The green highlighted circle shows where price exploded higher in a parabolic move. When correcting, price often returns to the level where price exploded. This has already happened with the 2009 low. That low consolidated this area and moving below there now would look extremely bearish. I doubt it.
One possibility is price gets all the way down to the 2009 low and sets up a massive double bottom with the trend. That could be expected to lead to new all time highs in the following years. While I don’t favour this scenario, it is certainly a real possibility and worth bearing in mind.
So the analysis is done. Now it’s up to Santa to come and deliver the present in the form of a Christmas rally.
The Australian dollar (AUDUSD) has been all over the place this year and I expect this corrective style trading to continue with a nice rally into the end of the year. Let’s investigate using the weekly and daily charts.
AUDUSD WEEKLY CHART
Once again, most of this was covered in the November newsletter but there is some new information.

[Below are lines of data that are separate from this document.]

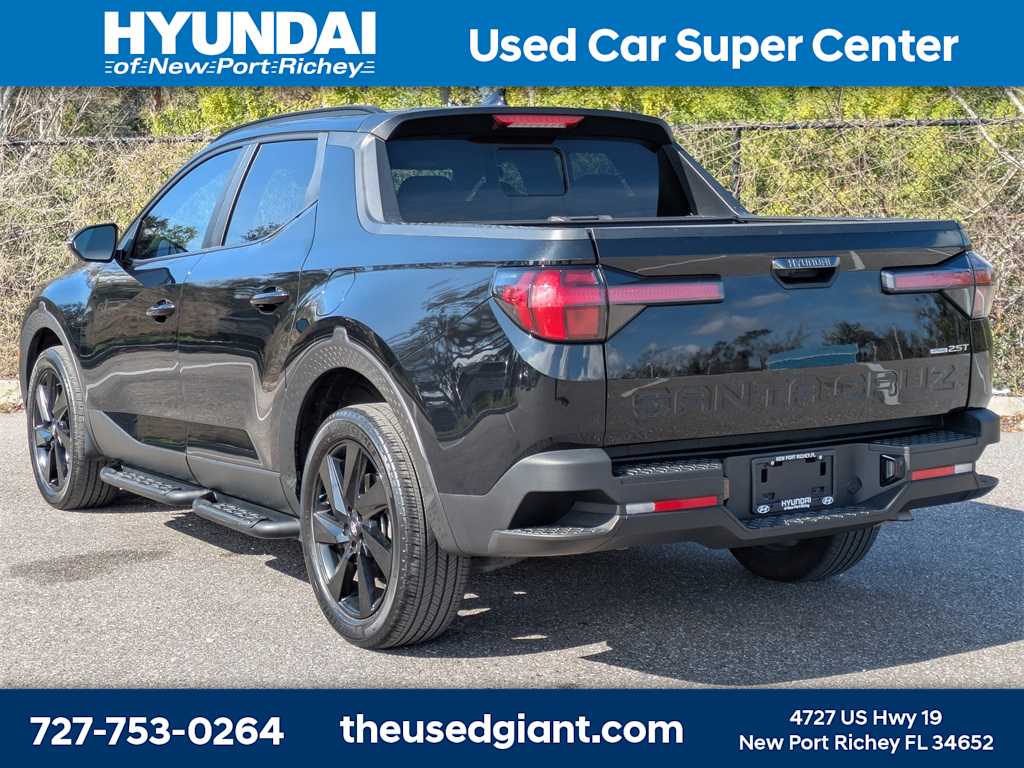 Thumbnail: 2023 Hyundai Santa Cruz - 3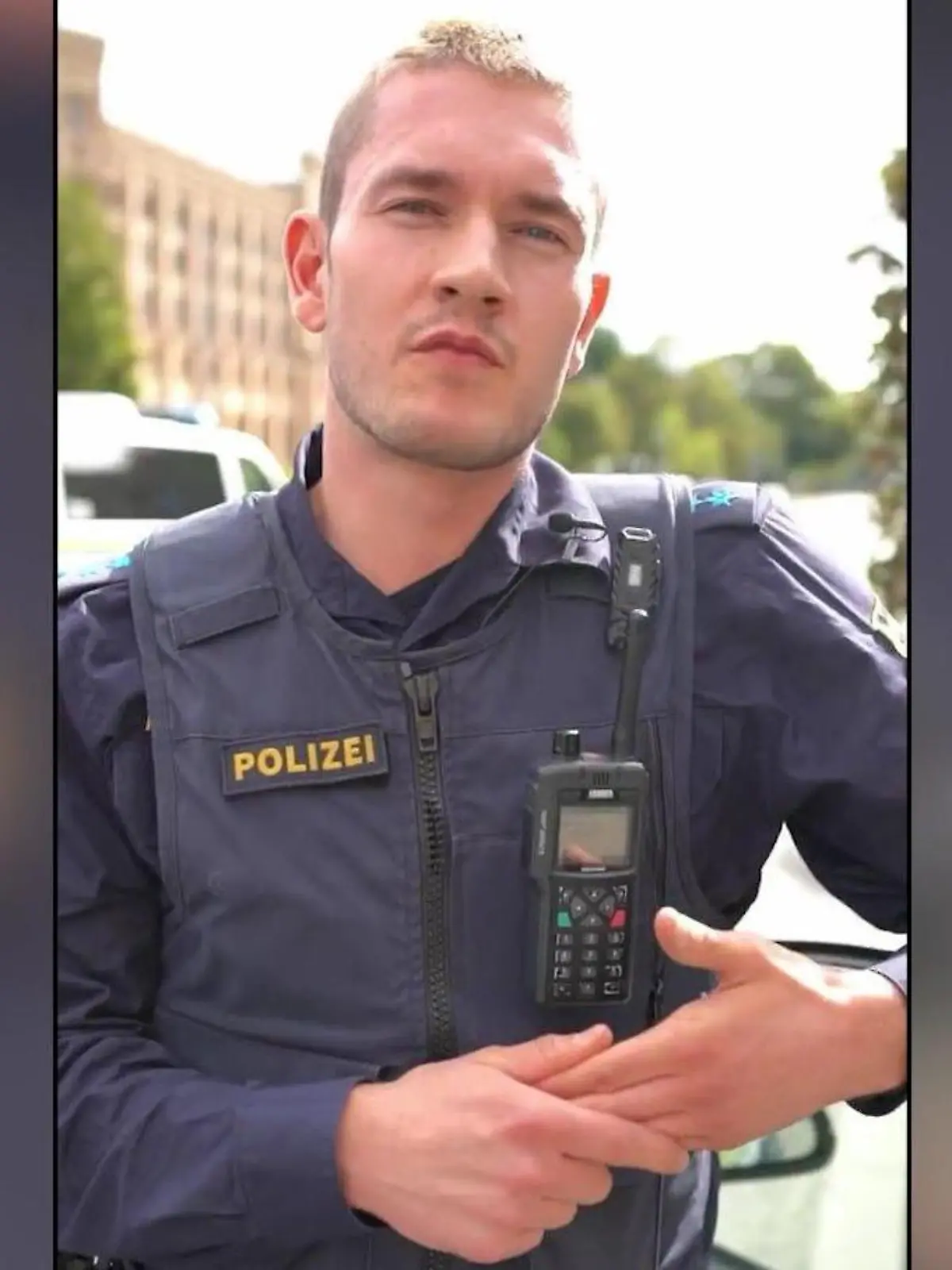 Die Klimakleber in München werden nicht müde gegen die IAA zu demonstrieren. Auch zum Ärger der Münchner Polizei, die in einem X-Video (ehemals Twitter) deutlich macht, dass sie eigentlich wichtigeres zu tun hat, als Aktivisten wegzutragen.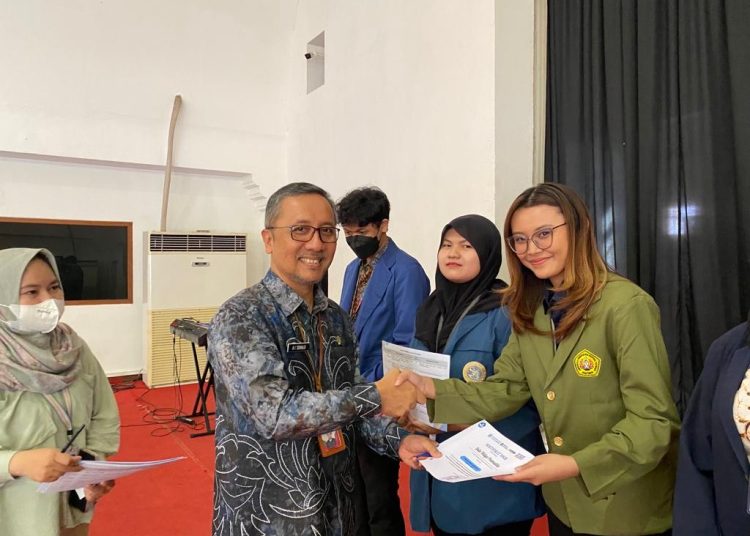 Kepala Disdukcapil Kota Surabaya Agus Imam Sonhaji dalam acara pelepasan dan penutupan magang mahasiswa.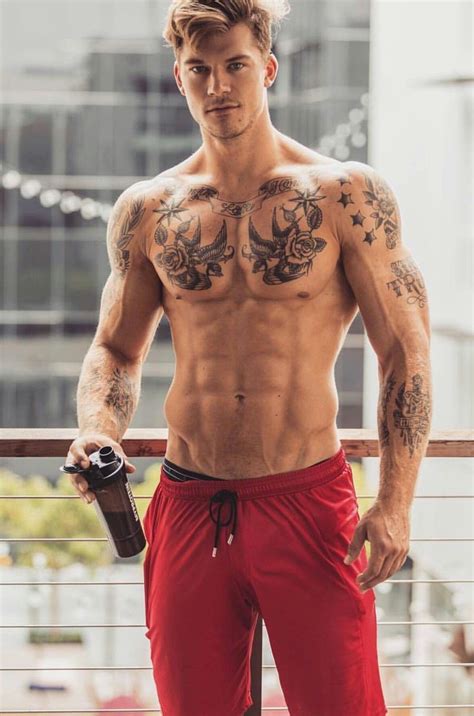 Nun meldet sich florian homm mit einer lebensbeichte im stern zurück. Pin by Thomas Polk on Studly | Pinterest | Tattoo, Muscles ...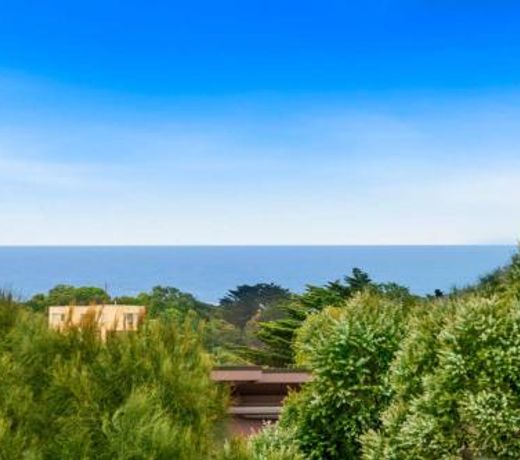Beach Road Luxury with Ocean Views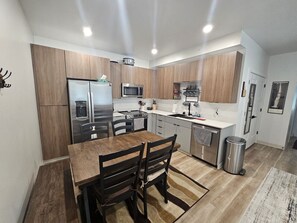 Kühlschrank, Mikrowelle, Herdplatte, Geschirrspüler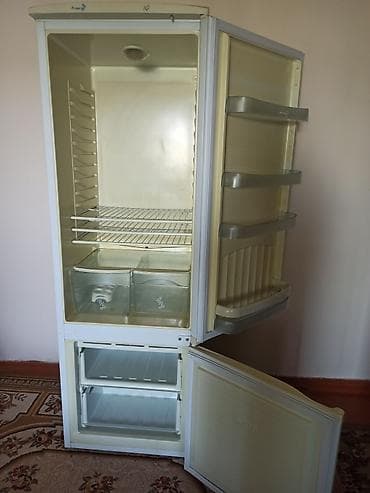 nothing 2a: Продаю холодильник двухкамерный, классический белый, с нижней — 4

I’ve been following the AUDUSD and waiting for price to trade up above 96c for the next opportune moment to short it. I’ve been waiting a long time. It’s lucky it’s not the only instrument I follow.
Price nearly got there back in July but shortly thereafter price plunged lower and subsequently took out the January 2014 low denoted by the horizontal line. It wasn’t by much though and I suspect we have a false break low in place.
This low has been accompanied by bullish divergences in the Relative Strength Indicator (RSI), Stochastic and Moving Average Convergence Divergence (MACD) indicators. So a rally now will certainly be no surprise.
The Bollinger Bands show price moving away from the lower band and so perhaps we could expect a rally to the upper band and then some.
I have added Fibonacci retracement levels of the move down from October 2013 high to recent low. I am looking for a rally back up to the 88.6% level which stands at 96.17c.
This level is in the green highlighted rectangle I have drawn. Ever since the October 2013 high, price has been all over the place and looks messy. This is normal for a big corrective phase which I think is occurring.
To finish off this corrective phase, I would like to see price trade back up into this area denoted by the green highlighted rectangle and do some backing and filling. Once that is done, price can resume normal transmission and crack to new lows in impulsive style.
AUDUSD DAILY CHART
I have added simple Elliott Wave annotations which suggest a five wave move down is complete. So a move up is now expected.
This wave 5 low was also accompanied by bullish divergences in the RSI and Stochastic indicator.
The Bollinger Bands show price moving away from the lower band and finding resistance just above the middle band.
This resistance stemmed from the black trend line I have drawn along the bottoms from the wave 3 low. In this type of setup it is normal for price to find resistance at this trend line the first time it hits it.
So price has come back down and looks to have just tested and been held by the recent low. If my analysis is correct, price should now head back up and bust above the trend line which will confirm the rally is on. A move to new lows now will likely nullify this analysis.
And if the rally plays out as expected, I might finally get that shorting opportunity I’ve been waiting for all year!